No entanto, grande parte do amadurecimento humano depende justamente da capacidade de encerrar ciclos. Não como quem abandona, mas como quem reconhece o tempo interno das coisas.
Perdas elaboradas
A psicologia compreendeu cedo que a vida psíquica não se organiza apenas por aquisições, mas também por perdas elaboradas. Freud (o pai da psicanálise), ao tratar do luto, ensinou algo fundamental: perder não é apenas sofrer uma ausência; é realizar um trabalho interno de desligamento e reorganização.
Há dor nesse processo porque há investimento afetivo sendo retirado daquilo que, por algum motivo, não pode mais continuar ocupando o mesmo lugar em nós. O sofrimento não nasce somente da perda em si, mas da resistência em reconhecer que certas experiências cumpriram seu percurso.
Isso ajuda a entender por que tantas pessoas permanecem presas não ao que vivem, mas ao que já terminou. Há casamentos mantidos pela nostalgia do que um dia foram. Carreiras sustentadas por uma identidade que já não encontra ali sentido. Relações afetivas prolongadas mais pelo medo do vazio do que pela vitalidade do vínculo. Nesses casos, não é o fim que paralisa; é a recusa em admiti-lo.
Amadurecimento emocional
O pediatra e psicanalista inglês Donald Winnicott, ao pensar o amadurecimento emocional, mostrou que crescer implica suportar separações. Desde os movimentos iniciais de individuação (tornar um indivíduo consciente de si), a vida psíquica se estrutura em pequenas experiências de perda que, quando elaboradas, ampliam a autonomia do sujeito.
Essa lógica não desaparece na vida adulta. Ela apenas ganha novas formas. Em algum momento, amadurecer passa a exigir a coragem de deixar para trás versões antigas de si mesmo.

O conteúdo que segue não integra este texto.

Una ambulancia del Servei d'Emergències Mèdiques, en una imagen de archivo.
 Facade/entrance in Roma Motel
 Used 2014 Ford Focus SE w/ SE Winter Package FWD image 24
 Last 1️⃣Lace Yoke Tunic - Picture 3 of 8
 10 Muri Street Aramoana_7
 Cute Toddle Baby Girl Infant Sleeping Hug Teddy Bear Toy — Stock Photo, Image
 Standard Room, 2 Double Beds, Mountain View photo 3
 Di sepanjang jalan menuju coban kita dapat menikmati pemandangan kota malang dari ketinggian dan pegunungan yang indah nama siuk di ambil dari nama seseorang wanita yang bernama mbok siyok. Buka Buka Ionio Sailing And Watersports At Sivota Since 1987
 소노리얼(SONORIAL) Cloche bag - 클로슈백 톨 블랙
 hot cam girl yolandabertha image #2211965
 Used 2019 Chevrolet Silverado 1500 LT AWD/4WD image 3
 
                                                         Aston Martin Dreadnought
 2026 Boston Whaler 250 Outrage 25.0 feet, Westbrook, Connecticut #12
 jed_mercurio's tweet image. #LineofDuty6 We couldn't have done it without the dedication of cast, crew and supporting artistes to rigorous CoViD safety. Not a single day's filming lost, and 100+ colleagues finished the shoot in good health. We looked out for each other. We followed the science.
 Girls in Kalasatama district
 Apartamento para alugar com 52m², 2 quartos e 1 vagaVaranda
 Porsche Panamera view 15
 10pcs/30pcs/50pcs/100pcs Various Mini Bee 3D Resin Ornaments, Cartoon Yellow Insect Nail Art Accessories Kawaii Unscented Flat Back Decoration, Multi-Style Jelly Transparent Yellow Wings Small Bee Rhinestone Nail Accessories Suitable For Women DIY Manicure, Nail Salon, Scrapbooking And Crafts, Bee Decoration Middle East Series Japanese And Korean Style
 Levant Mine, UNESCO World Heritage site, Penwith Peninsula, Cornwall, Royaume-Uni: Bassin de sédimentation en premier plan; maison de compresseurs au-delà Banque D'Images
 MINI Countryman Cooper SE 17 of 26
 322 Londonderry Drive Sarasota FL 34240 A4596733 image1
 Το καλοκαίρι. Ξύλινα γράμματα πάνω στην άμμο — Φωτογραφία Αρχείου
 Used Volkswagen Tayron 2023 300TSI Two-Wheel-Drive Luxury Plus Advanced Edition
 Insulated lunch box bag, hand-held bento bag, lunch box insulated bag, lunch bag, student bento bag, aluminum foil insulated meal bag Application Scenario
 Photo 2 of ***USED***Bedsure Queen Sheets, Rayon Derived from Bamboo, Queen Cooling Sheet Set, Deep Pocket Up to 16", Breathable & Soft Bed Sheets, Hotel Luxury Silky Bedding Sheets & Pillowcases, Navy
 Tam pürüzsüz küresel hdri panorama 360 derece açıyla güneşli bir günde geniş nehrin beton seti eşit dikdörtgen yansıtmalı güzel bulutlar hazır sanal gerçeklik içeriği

Talvez um dos sinais mais consistentes de maturidade seja compreender que alguns finais não interrompem a vida; a reposicionam. Há encerramentos que não empobrecem o sujeito, mas o libertam de continuar investindo energia onde já não há potência.
Porque há ciclos que só terminam no mundo externo depois que conseguem terminar dentro de nós.
E, em muitos casos, é justamente nesse ponto que uma vida mais autêntica começa.